Classical music, and really, most kinds of music, sound odd when played backwards because the harmonic progression does not lead where you expect it to. Without going to deep into music theory, I'll outline the basics.

A typical cadence, or ending of a chord progression, is a IV chord to V to a I chord. (Roman numerals signify chords built out of a major scale, starting on that degree of a major scale, so V is the fifth scale degree.) This cadence is a very typical one, and you'll hear it everywhere. What that cadence does, is go from the chord with the most tension in the key… to the tonic, or home chord of the key. In this way, you have tension and relaxation, which is the foundation of harmony.

A more advanced chord progression might go I-vi-ii-IV-V-I. This progression sounds different, but it still ends with that characteristic IV-V-I, also called a Perfect Authentic Cadence.

Now getting into one of the reasons music played backwards sounds so odd: Our ears expect that Perfect Authentic Cadence. (Simplifying here, there are other pleasing cadences.) Sometimes, a composer will do a cadence like: IV-V-vi. This cadence is called a Deceptive Cadence, because your ear will expect the IV and V to inevitably lead to I. When it goes to the vi you get a denial of expectations. While I'm simplifying, these basic ideas of tension and relaxation are what gives music it's sound, feeling, attitude, soul, etc.

When these characteristic cadences and progressions get reversed, it essentially throws that whole system out the window. Now you're going I-V-IV-ii-vi-I and not only does that defy expectations, your brain likely is just going WTF?!? For lack of a better term…

To hear these cadences for yourself play this on the piano: enter image description here Courtesy this Wikipedia article:

To hear a recording of just these three chords, go here.

Hopefully this makes sense!


The above are all good points.

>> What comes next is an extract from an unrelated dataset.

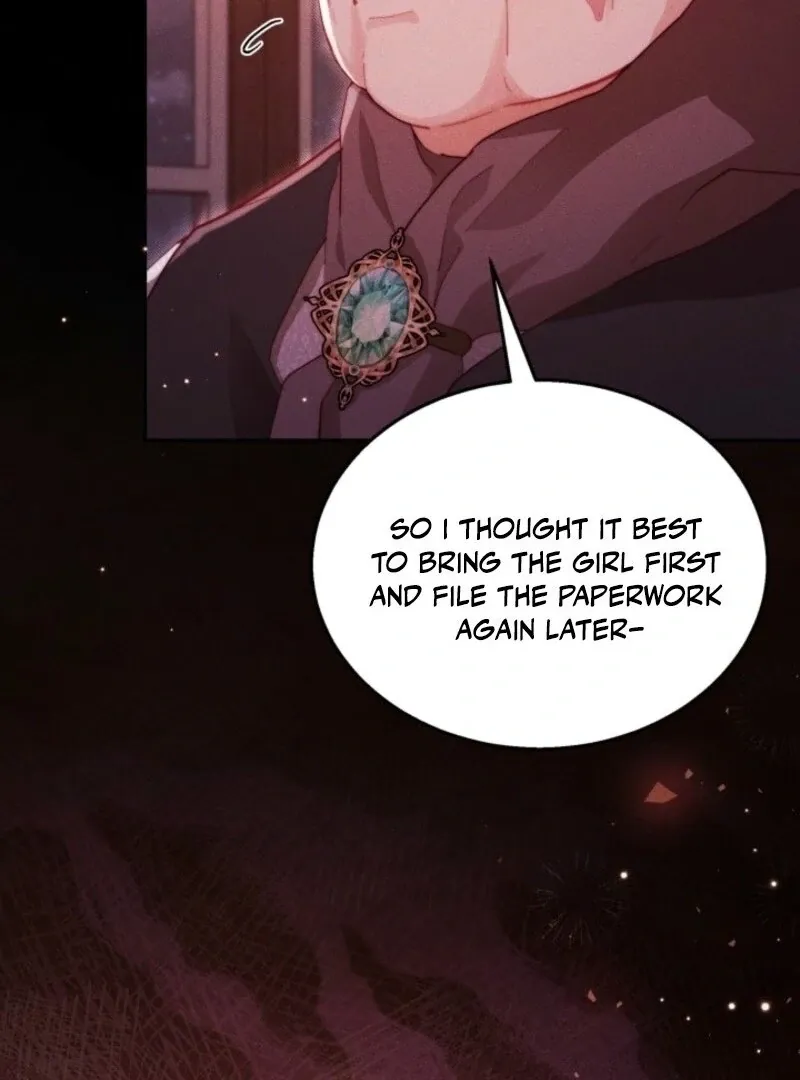 Taram Taram Taram Chapter 57 page 117 -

Another thing I want to point out is that many instruments are in a sense defined by their attack note. I hypothesize that by cutting off the attacks in a recording of many different instruments playing the same pitch, the tones are largely indistinguishable.
So, if the attack is really as important as I think, 'backwards-tape' playing of a song/piece will loose much of its characteristics, as the attacks do not define the note or pitch, but only briefly punctuate them. The strange-sound effect is much more overwhelming this way.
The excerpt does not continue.